Hepatic and Renal Lesions in Free Ranging Black Caimans (Melanosuchus niger) in the Brazilian Amazon for Human Consumption

Adriana Maciel de Castro Cardoso, Alex Junior Souza de Souza, Rodrigo Caldas Menezes, Natália Freitas de Souza, Washington Luiz Assunção Pereira, Rogério Tortelly


Background: The black caiman (Melanosuchus niger), belongs to the order Crocodylia, family Alligatoridae. More than a hundred species of helminths, mainly trematodes and nematodes, parasitize crocodilians around the world and a considerable number of species of ascaris have been described in crocodilians. There are few descriptions of hepatic and renal diseases affecting M. niger, and no articles related to the histopathological aspects of this species were found. The aim of this study was to evaluate gross and microscopically the liver and kidneys of 100 specimens of Melanosuchus niger slaughtered in Reserva de Desenvolvimento Sustentável Mamirauá, from natural populations.

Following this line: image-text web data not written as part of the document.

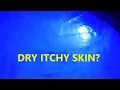 Why Do Hot Tubs Make You Itchy
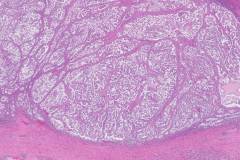 Clear cell carcinoma of the ovary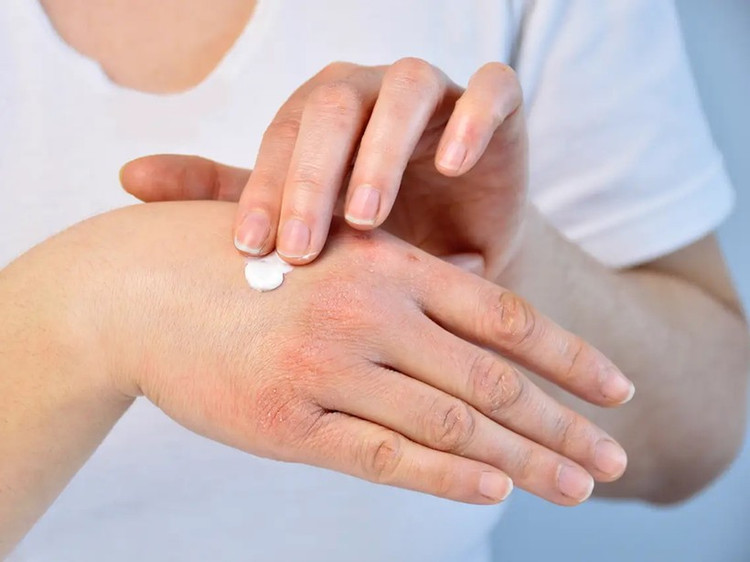 Khi chọn kem dưỡng ẩm cho mặt và cơ thể, hãy chọn loại lành tính nhất có thể. (Ảnh: ITN) Khi chọn kem dưỡng ẩm cho mặt và cơ thể, hãy chọn loại lành tính nhất có thể. (Ảnh: ITN)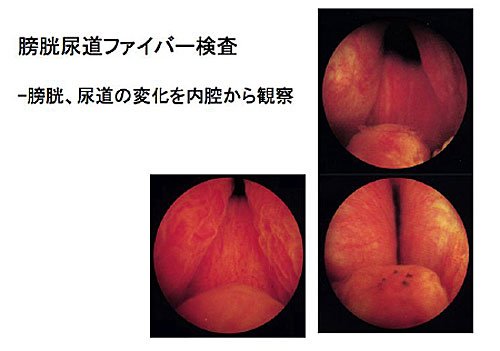 膀胱尿道ファイバー検査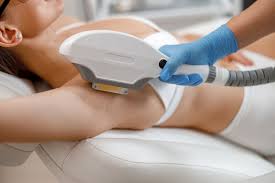 laser-hair-removal-underarms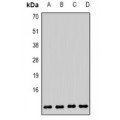 LifeSab™ COX6B1 Rabbit pAb (50 µl)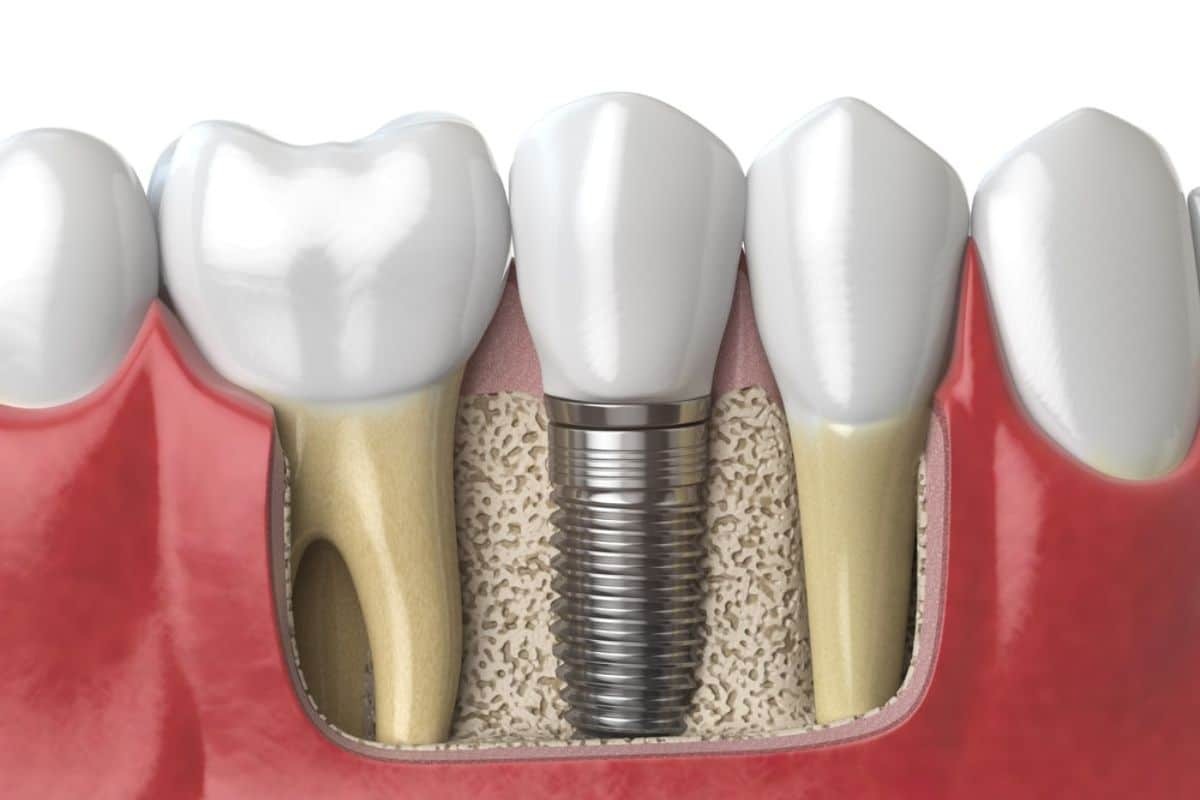 Dental implant cross-section showing titanium screw, bone integration, and ceramic crown restoration.
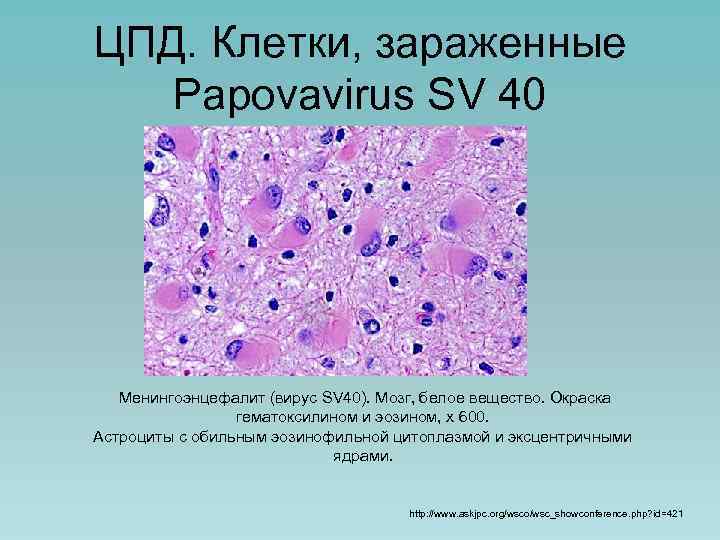 ЦПД. Клетки, зараженные Papovavirus SV 40 Менингоэнцефалит (вирус SV 40). Мозг, белое вещество. Окраска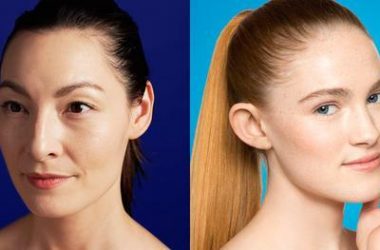 The Difference Between Adult Acne And Teen Acne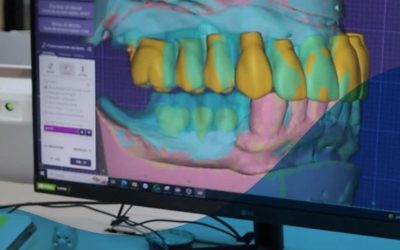 El proceso de diseño digital en prótesis dentales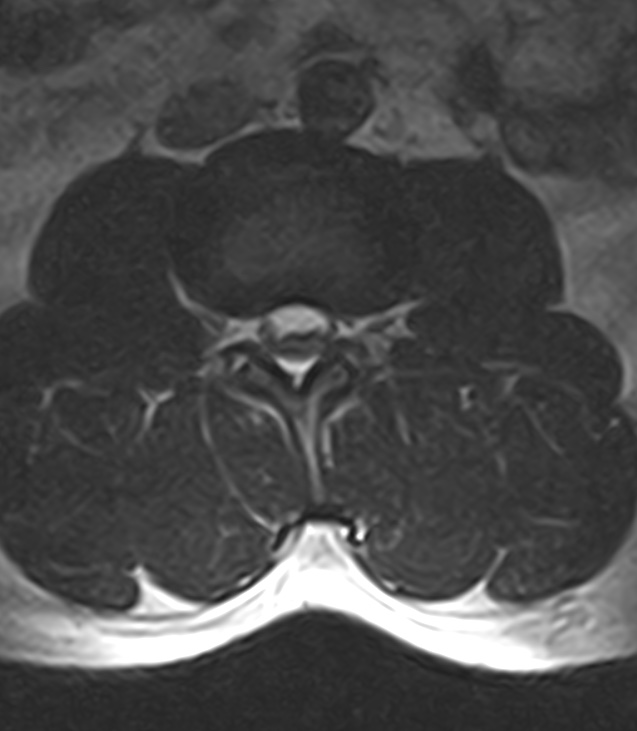 Normal lumbar spine MRI - low-field MRI scanner (Radiopaedia 40976-43699 Axial T2 46).jpg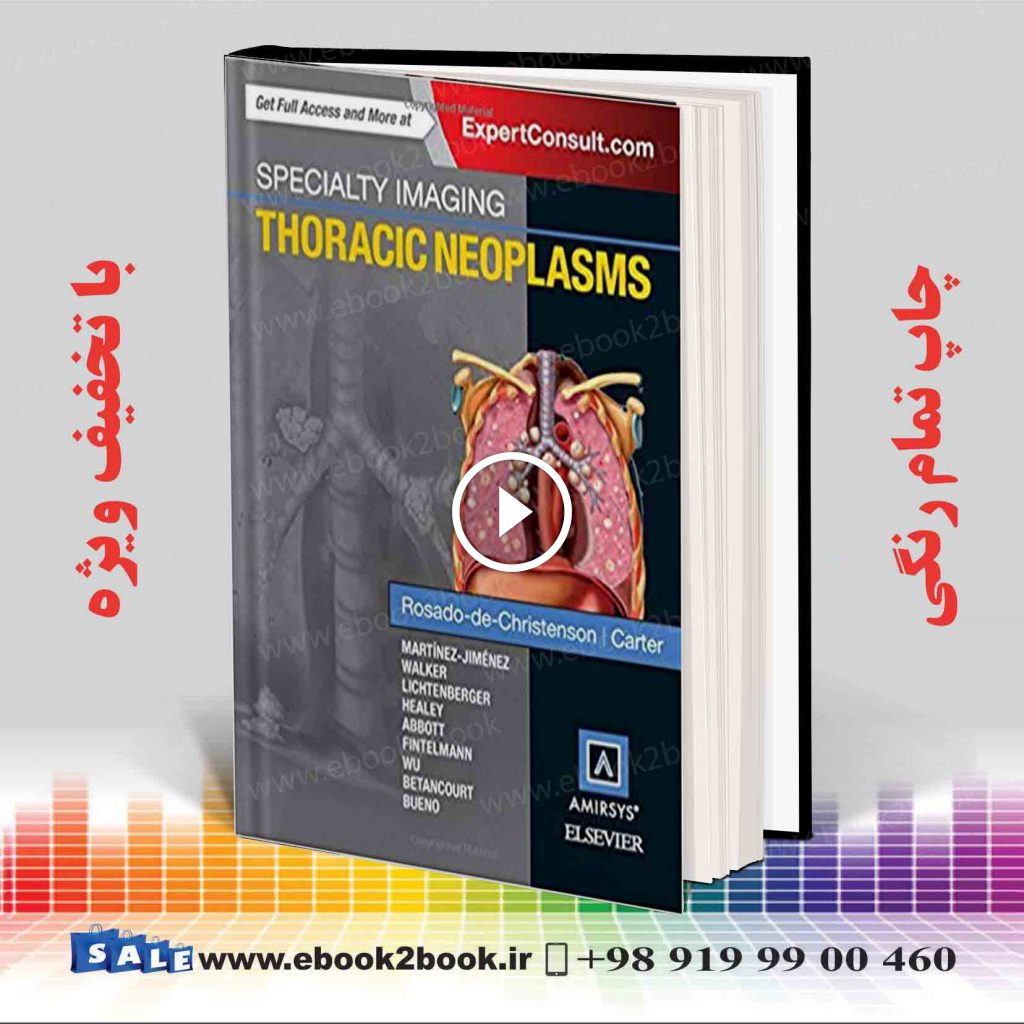 Specialty Imaging: Thoracic Neoplasms
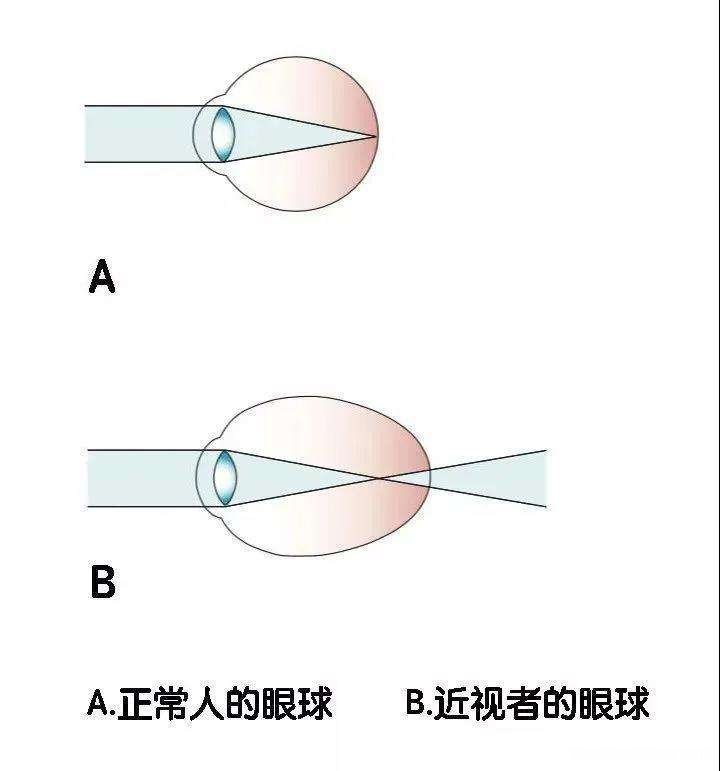 近视多少度会失明 近视的度数高会失明吗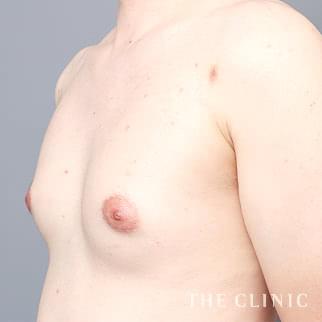 女性化乳房の女性化乳房治療(男性の胸の膨らみ改善)のモニター(30代)術前症例画像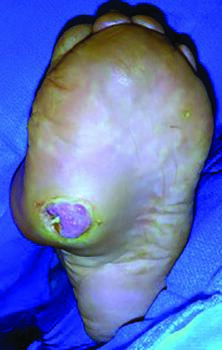 Here one can see a Wagner grade 3 DFU before incision and drainage.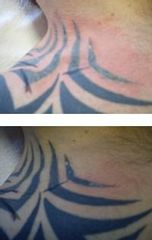 tetovanie po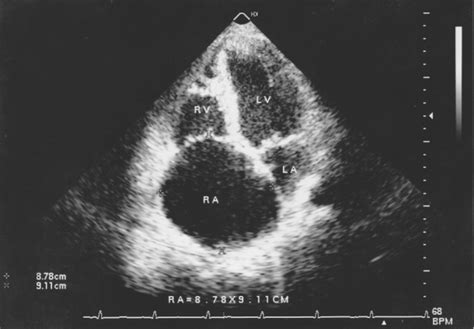A Familial Cluster Of Idiopathic Dilatation Of The Right Atrium A Two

Materials, Methods & Results: The capture of the alligators was performed during the night, by members of the community itself in the channels and lagoons of the Reserve's lowland ecosystem. For the capture procedures, ties and harpoons were used and the animals were identified through the red glow of the eyes using the spot light lanterns. After being conducted to the slaughter area, the animals were submitted to the previous biometry to select which animals were appropriated   for slaughter, they should measure between 2.10 m and 2.80 m. A total of 88 livers and 95 kidneys of M. niger of natural populations were analysed gross and microscopically, independently of gross lesions. The fragments collected for histopathological examination were approximately 0.5 cm thick and they were packed in appropriated identified containers with formalin 10% solution. The collection procedures were accompanied by field records for data recording. After fixation of the collected material, it were processes by habitual techniques for paraffin inclusion and hematoxylin-eosin staining. Grossly, none of the livers examined presented alterations and two kidneys presented parasitism. The hepatic microscopic analysis  indicates in 3/88 cases, multiple foci of necrosis. In 7/88 cases, it was observed in the hepatic parenchyma, granulomas, mainly with epithelioid cells. In the histopathological examination of the kidney, the only alteration observe in 8/95 cases was the presence of granulomas.

Discussion: The occurrence of Sebekia oxycephala nymphs, a pentastomid, in the liver of Alligator mississippiensis was reported in other researches. The parasite Sebekia mississippiensis was observed in liver and lungs of A. mississippiensis.  similar alterations were also noticed in this research. The coccidiosis related to hepatic manifestations in crocodilians is related to the parasite that may belong to the genus Goussia. In the liver, under the oocysts form leads to a diffuse hydropic degeneration  of hepatocytes. In this study it was also observed the hydronic degeneration, however, associated to the necrosis areas that had in the periphery epithelioid cells infiltrated, without parasitic participation. Two renal trematodes are known in crocodilians, Deurithrema gingae and Renivermis crocodyli both in Crocodylus porosus. Also it was found in the renal parenchyma few encapsulated and well delimited parasites by a severe tissue reaction. Based on the gross and microscopic found, it is concluded that liver and kidney, although multiple organ functions, were not prone to infections, with granulomas being the main manifestation, and the etiopathogenesis of the areas of hepatic necrosis could not be defined.